Summary of key (IRA) points:
Three new income thresholds that high income taxpayers need to plan for and four different ways income is calculated to compare against the new thresholds.
- New (return of old) 39.6% tax bracket for joint filers with taxable income over $450,000 ($400,000 for single filers) and a top long-term capital gains and dividend tax rate of 20% which actually becomes 23.8% because such a taxpayer would be subject to the 3.8% surtax on net investment income.
- Phase-out of itemized deductions up to 80% and personal exemptions for taxpayers whose AGI (Adjusted Gross Income) exceeds $300,000 ($250,000 for single filers)
- 3.8% surtax on net investment income for those whose MAGI (Modified Adjusted Gross Income) exceeds $250,000 ($200,000 for single filers). At the same levels, earned income in excess of these thresholds will incur an additional 0.9% surtax.
Qualified Charitable Distributions return for 2012 and 2013
- See January 2013 IRA update for details (http://portnofffinancial.com/blogc57.php?postID=71&article=IRA-Tax-Planning%3A-Qualified-Charitable-Distribution-%28QCD%29)
New in-plan Roth 401k conversion rules
- Since 2010 a 401k participant who had a Roth 401k available could do an in-plan Roth 401k conversion IF they were eligible to take a distribution which typically means reaching the age of 59 ½. The ARTA modified this rule to allow participants that are not eligible to take a distribution to do an in-plan Roth conversion.
- Ability to do an in-plan Roth conversion requires that the plan offers a Roth 401k and while plans are beginning to adopt the Roth 401k in greater numbers, they are not commonplace just yet.
- If the plan offers a Roth 401k, in order to convert, the plan must also allow for in-plan conversion and there is no requirement that a plan offer this feature.
- If the option is available, a plan participant must still analyze their tax status to determine if it makes sense to do the conversion, determine whether a Roth IRA conversion is better, wait, or not do it at all.

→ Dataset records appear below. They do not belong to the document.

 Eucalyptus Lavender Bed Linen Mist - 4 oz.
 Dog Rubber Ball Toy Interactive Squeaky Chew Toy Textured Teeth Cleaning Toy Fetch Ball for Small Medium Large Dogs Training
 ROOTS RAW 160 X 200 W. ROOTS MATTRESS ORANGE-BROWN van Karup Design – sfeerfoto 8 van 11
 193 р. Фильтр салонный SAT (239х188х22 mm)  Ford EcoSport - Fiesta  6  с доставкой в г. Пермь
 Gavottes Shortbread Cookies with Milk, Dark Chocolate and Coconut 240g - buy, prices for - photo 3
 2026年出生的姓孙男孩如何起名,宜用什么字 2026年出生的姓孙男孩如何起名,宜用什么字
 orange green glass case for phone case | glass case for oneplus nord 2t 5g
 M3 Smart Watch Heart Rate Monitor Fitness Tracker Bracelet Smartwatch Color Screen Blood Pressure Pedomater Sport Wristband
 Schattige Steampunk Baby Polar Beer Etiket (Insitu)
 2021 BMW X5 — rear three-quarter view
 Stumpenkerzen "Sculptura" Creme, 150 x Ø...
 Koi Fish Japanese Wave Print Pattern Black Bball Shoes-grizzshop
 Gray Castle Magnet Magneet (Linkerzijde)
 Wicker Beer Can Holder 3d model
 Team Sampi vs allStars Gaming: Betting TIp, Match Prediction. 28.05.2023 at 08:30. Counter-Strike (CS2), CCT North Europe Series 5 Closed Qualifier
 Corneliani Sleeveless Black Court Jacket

- It is critical to keep in mind one of the MAJOR differences between a Roth IRA conversion and a Roth 401k conversion is the ability to recharacterize. When you convert an IRA to Roth, you have until October 15th of the following year to change your mind and reverse the transaction however in a Roth 401k conversion, there is no mechanism for recharacterization so once you execute the transaction, there is no turning back.